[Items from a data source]
= = = =

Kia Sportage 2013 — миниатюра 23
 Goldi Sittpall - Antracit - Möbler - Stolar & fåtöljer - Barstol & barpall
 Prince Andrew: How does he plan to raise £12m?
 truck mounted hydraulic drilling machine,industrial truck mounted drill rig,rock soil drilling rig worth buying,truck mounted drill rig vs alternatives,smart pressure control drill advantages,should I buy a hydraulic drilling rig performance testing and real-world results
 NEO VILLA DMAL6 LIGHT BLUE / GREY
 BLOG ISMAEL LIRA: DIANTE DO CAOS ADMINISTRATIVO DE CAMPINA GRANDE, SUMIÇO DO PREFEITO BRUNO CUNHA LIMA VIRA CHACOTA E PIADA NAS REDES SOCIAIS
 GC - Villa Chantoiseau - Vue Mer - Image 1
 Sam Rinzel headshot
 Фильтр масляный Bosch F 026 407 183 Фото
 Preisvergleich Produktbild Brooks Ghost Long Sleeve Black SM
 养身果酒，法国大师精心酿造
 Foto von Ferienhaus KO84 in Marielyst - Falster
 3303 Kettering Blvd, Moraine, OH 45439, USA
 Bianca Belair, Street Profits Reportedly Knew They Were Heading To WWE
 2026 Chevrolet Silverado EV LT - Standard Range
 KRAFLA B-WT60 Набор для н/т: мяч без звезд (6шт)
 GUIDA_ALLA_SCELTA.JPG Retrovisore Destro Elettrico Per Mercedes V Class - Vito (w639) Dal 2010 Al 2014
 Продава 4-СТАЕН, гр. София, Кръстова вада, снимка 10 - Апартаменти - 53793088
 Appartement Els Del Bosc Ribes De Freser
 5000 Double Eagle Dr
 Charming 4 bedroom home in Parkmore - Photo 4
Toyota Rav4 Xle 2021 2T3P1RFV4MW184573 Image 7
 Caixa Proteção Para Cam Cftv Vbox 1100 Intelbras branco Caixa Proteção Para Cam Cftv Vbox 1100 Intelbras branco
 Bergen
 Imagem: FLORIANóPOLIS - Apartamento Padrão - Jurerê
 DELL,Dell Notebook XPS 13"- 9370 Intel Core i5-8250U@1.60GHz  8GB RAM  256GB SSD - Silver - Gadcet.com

= = = =

> _What the exercise asks_: Could you return all of the entries exactly as they stand?

> _Solution to the problem_:
Kia Sportage 2013 — миниатюра 23
 Goldi Sittpall - Antracit - Möbler - Stolar & fåtöljer - Barstol & barpall
 Prince Andrew: How does he plan to raise £12m?
 truck mounted hydraulic drilling machine,industrial truck mounted drill rig,rock soil drilling rig worth buying,truck mounted drill rig vs alternatives,smart pressure control drill advantages,should I buy a hydraulic drilling rig performance testing and real-world results
 NEO VILLA DMAL6 LIGHT BLUE / GREY
 BLOG ISMAEL LIRA: DIANTE DO CAOS ADMINISTRATIVO DE CAMPINA GRANDE, SUMIÇO DO PREFEITO BRUNO CUNHA LIMA VIRA CHACOTA E PIADA NAS REDES SOCIAIS
 GC - Villa Chantoiseau - Vue Mer - Image 1
 Sam Rinzel headshot
 Фильтр масляный Bosch F 026 407 183 Фото
 Preisvergleich Produktbild Brooks Ghost Long Sleeve Black SM
 养身果酒，法国大师精心酿造
 Foto von Ferienhaus KO84 in Marielyst - Falster
 3303 Kettering Blvd, Moraine, OH 45439, USA
 Bianca Belair, Street Profits Reportedly Knew They Were Heading To WWE
 2026 Chevrolet Silverado EV LT - Standard Range
 KRAFLA B-WT60 Набор для н/т: мяч без звезд (6шт)
 GUIDA_ALLA_SCELTA.JPG Retrovisore Destro Elettrico Per Mercedes V Class - Vito (w639) Dal 2010 Al 2014
 Продава 4-СТАЕН, гр. София, Кръстова вада, снимка 10 - Апартаменти - 53793088
 Appartement Els Del Bosc Ribes De Freser
 5000 Double Eagle Dr
 Charming 4 bedroom home in Parkmore - Photo 4
Toyota Rav4 Xle 2021 2T3P1RFV4MW184573 Image 7
 Caixa Proteção Para Cam Cftv Vbox 1100 Intelbras branco Caixa Proteção Para Cam Cftv Vbox 1100 Intelbras branco
 Bergen
 Imagem: FLORIANóPOLIS - Apartamento Padrão - Jurerê
 DELL,Dell Notebook XPS 13"- 9370 Intel Core i5-8250U@1.60GHz  8GB RAM  256GB SSD - Silver - Gadcet.com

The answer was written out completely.